Synopsis:Rosita is a young girl whose loving mother commands a strange kind of magic, but their happiness dies in the icy cold of a snow-bound gulag. Her mother is forced to hide her precious treasure and Rosita’s spirit is crushed by the cruelty and envy of the other children. She takes the name Sloe and tries to keep her head down, but when her own innocence leads to her mother's disappearance, Sloe must claim her treasure and set out on her mother's quest to preserve the most precious thing in a dying world: life itself.
Review:Ann Halam’s Siberia is a strange and magical tale of environmental mismanagement and future science. The grim setting walks constantly on the brink of obscene farce, but Halam avoids the plunge and the result is emotionally powerful.

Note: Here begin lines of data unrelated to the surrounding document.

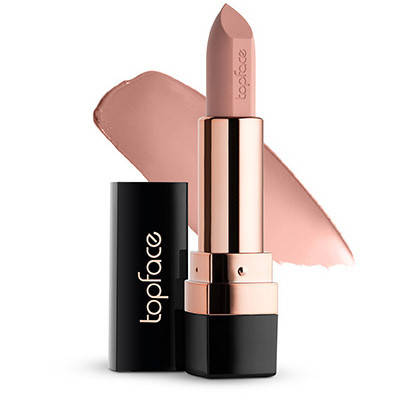 

TopFace Помада для губ Instyle Matte PT155 №001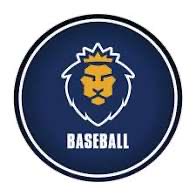 Trip Carpenter tweet media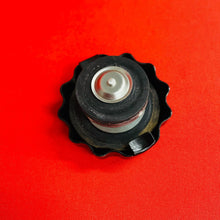 Load image into Gallery viewer, CRF250R RADIATOR CAP HIGH PRESSURE GENUINE OEM HONDA CRF 250 R (2004-2009)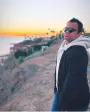 Erfan Malakooti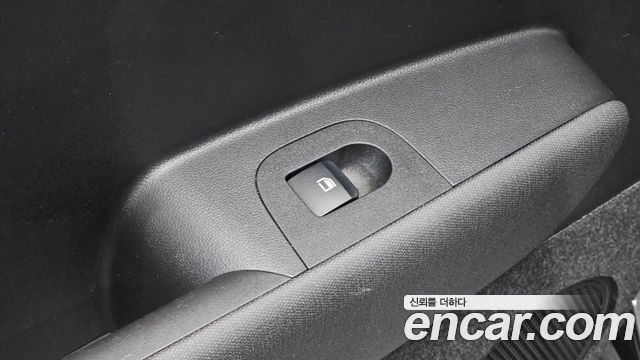 Hyundai Casper 2023 — photo 28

The story is about loyalty, trust and love, far more than it is about science. Halam pays just enough attention to the nuts and bolts of genetics – a subject on which she is clearly well-read – to lend an air of verisimilitude and hold the title of science fiction. The true theme of the work is, however, the contrast between the unquestioning loyalty of the Lindquist kits and the self-serving motives of the humans that Sloe encounters. The matter of agendas and the question of how to trust when you have once been betrayed makes the novel not only effective and affecting, but also very relevant to a teenage audience finding their way in a more complex emotional world.
Siberia is science fiction at its most speculative and mature. It covers some difficult ground, especially as it concerns the loss of parents, the pressure to conform and the question of trust. For the more advanced teenage reader, this is stirring and potent stuff.